New web site fights identity theft
More than 10 million cases of theft were reported in America last year
Scroll down for Tips on preventing identity theft.
Early last month, the Department of Education unveiled a Web site aimed at educating students about identity theft, a crime that Secretary of Education Rod Paige said affected 10 million Americans last year.
Identity theft occurs when a criminal uses another person's personal information without permission. Under someone else's name, criminals can activate credit cards, buy cell phone plans or even give the false name when being arrested.
"Most students are well-informed about the basic rules for protecting their physical well-being and possessions - rules like walking in well-lit areas, traveling in groups and locking their doors and windows," Paige said in a speech at Howard University last month. "But too many students don't know the basics of protecting their identity."
Katherine Kirschner, a sophomore in the College of Arts and Sciences, said her knowledge of identity theft came from television commercials.
"I think they're funny, but I don't know that much about it," she said.
The Web site can be found at www.ed.gov/misused.

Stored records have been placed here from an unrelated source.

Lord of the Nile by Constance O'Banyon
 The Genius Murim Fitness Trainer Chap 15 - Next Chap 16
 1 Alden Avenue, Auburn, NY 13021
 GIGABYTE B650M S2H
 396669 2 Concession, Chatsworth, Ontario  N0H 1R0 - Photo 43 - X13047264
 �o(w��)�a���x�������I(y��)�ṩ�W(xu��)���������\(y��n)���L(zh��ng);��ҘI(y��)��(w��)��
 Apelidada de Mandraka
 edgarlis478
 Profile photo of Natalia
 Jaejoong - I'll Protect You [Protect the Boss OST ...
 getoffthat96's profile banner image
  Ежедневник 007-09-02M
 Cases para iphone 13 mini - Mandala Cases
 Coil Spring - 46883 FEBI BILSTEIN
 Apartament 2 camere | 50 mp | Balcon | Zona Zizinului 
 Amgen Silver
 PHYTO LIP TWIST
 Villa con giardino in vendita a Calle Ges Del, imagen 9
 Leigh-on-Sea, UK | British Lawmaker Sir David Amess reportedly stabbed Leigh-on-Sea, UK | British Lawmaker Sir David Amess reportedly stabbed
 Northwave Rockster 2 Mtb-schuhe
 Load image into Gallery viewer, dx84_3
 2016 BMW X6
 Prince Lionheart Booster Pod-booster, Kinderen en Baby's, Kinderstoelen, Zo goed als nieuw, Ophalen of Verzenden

There is also information on the Federal Trade Commission Web site, www.consumer.gov/idtheft.
Jim Bradshaw, spokesman for the Department of Education, said, "We launched [the Web site] to help raise awareness of the dangers of identity theft, especially to college students, who we believe are more susceptible to ... having their personal information stolen."
While identity theft does not target a particular group, students should be particularly aware of it, said John Picarelli, a research lecturer at AU's Transnational Crime and Corruption Center.
"Students are at that point where they are starting to build their credit history," Picarelli said. "They're getting bombarded with credit offers and also going through the student loan process."
Students are vulnerable to identity theft when they receive pre-approved credit card offers with their Social Security number already printed on it.
Vikas Chopra, a sophomore in CAS, said that while he knew not to give his Social Security number out over the phone or on insecure Web sites, "I didn't even know that ... I just throw [my credit offers] away."
The consequences of being an identity theft victim are serious.
"Victims of identity theft can spend months or even years clearing the damage caused to their reputations and credit records," Paige said. "During the time it takes them to resolve these issues, they can possibly miss out on job opportunities and be refused student loans, a mortgage or car loans."
Picarelli said that students can work to prevent identity theft by safeguarding their Social Security numbers.
"And check your credit rating every year," he said. "Even if you don't think you have one, you do."
Currently it costs about $30 to receive your credit report from all three of the credit bureaus. However, a new law signed by President Bush last month will allow one free credit report each year, starting in 2005.
Memorize your Social Security number and passwords. Don't record your password on papers you carry with you.
Do not use your date of birth as your password.
Shred pre-approved credit applications and other financial documents before discarding them.
Order credit reports every year from each of the major credit reporting agencies and thoroughly review them for accuracy.
Never give personal or financial information over the phone or Internet unless you initiated the contact.
Do not carry your Social Security card or birth certificate with you.
Report lost or stolen credit cards immediately. Check your monthly credit card and bank statements for unusual activity.
Use a firewall program on your computer, especially if you leave your computer connected to the Internet 24 hours a day.